Don't be afraid, you're already dead.

the end of the year is nigh.

I dig new years eve.
I think it's because I'm a sucker for nostalgia. I like the whole self-reflection aspect, thinking back over the past year, the great times and the shitty times, the lessons learned, the changes you made and want to make. All that noise.
I get that it's just another day, it's just the turning of a calendar page, that the whole idea of a "new year" is abstract and contrived, but that's not important. It's a time when a lot of people feel they get a new start, and there's a real optimism there that I'm just into.

2012 has been real.
I moved to Korea, by myself. Some people think that's "brave", but it's not because it wasn't scary for me. I've always been quite independent. I'm good at upping to a new, faraway city, it's one thing I feel comfortable doing.

What was scary was accepting a job as a teacher, not knowing what age my students would be, or how many classes I would have, or whether I'd physically be able to stand up in front of a room full of adolescents and speak with some kind of authority. And so at the beginning, I was just acting. Pretending to be a teacher until one day I realised I was one. I have loved it.  I didn't think I liked kids before I came here -how ridiculous is that? That's almost like not liking people! (Wait...). These kids are awesome. Teaching has been awesome, getting to know my students has been awesome and those few students who started the year afraid to open their mouths but who now hang back after the bell rings to come up and say "enjoy your lunch, teacher!" are awesome!

What was scary was approaching a table of strangers, after psyching myself up for twenty minutes while sipping on a beer alone, introducing myself and asking if I could join them. This was three days after arriving, roaming around Bucheon on a mission to find the foreigner bar I had read about online. It might not sound like much, but that really took guts for me! And of course, they were all great people, and took me and and showed me a good time, and I met more new people, and they're all still my friends today. It's sweet when you do something scary and it pays off.

But by and large, coming to Korea hasn't been scary. I came with a job all secured, with accomodation sorted, with a sister who had been here before preparing me for some things and internet forums preparing me for the rest, with knowledge of cool music venues and decent restaurants from blogs and knowing there was a community of foreigners to meet. Next year, on the other hand? Next year is kind of terrifying!

I finish up my contract at the end of February. Then I have a few weeks to travel, and then I'm home. Home will be great for the first couple weeks and then I will go stir crazy, but realistically, it will probably be about two months before I take off again. This time on a one year US visa. Whereabouts? I have no idea. Maybe Portland, maybe San Francisco, maybe New York or Philly or anywhere else. Wherever I can find a job related to my masters. That's going to be the scary part for me. Applying for a real job, a job I'm qualified for but totally inexperienced in.

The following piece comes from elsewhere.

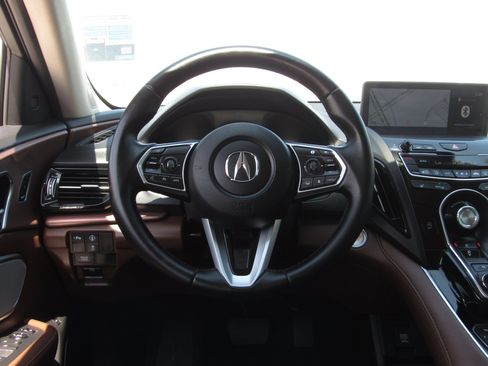 Used 2022 Acura RDX FWD w/ Technology Package image 26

Ugh.  I'm scared that I won't find one, and scared that I will! But I'm huge excited for moving and being back in the US and making more new friends and hopefully seeing some old ones too.

New years resolutions? Don't be afraid, you're already dead. And be more punctual. Yeah.

Tuesday, December 18, 2012

tabula rasa

I'm glad I'm not in your moleskins, not on your blog.
I don't belong there.
I'm not one of those girls.
I mean, those girls seem fine. In fact, I'd love to grab a beer with your ex. Talk shop. 
But I was never your girlfriend the way they were your girlfriends. I was never an exercise in how you presented yourself to the world, and I'm thankful for that.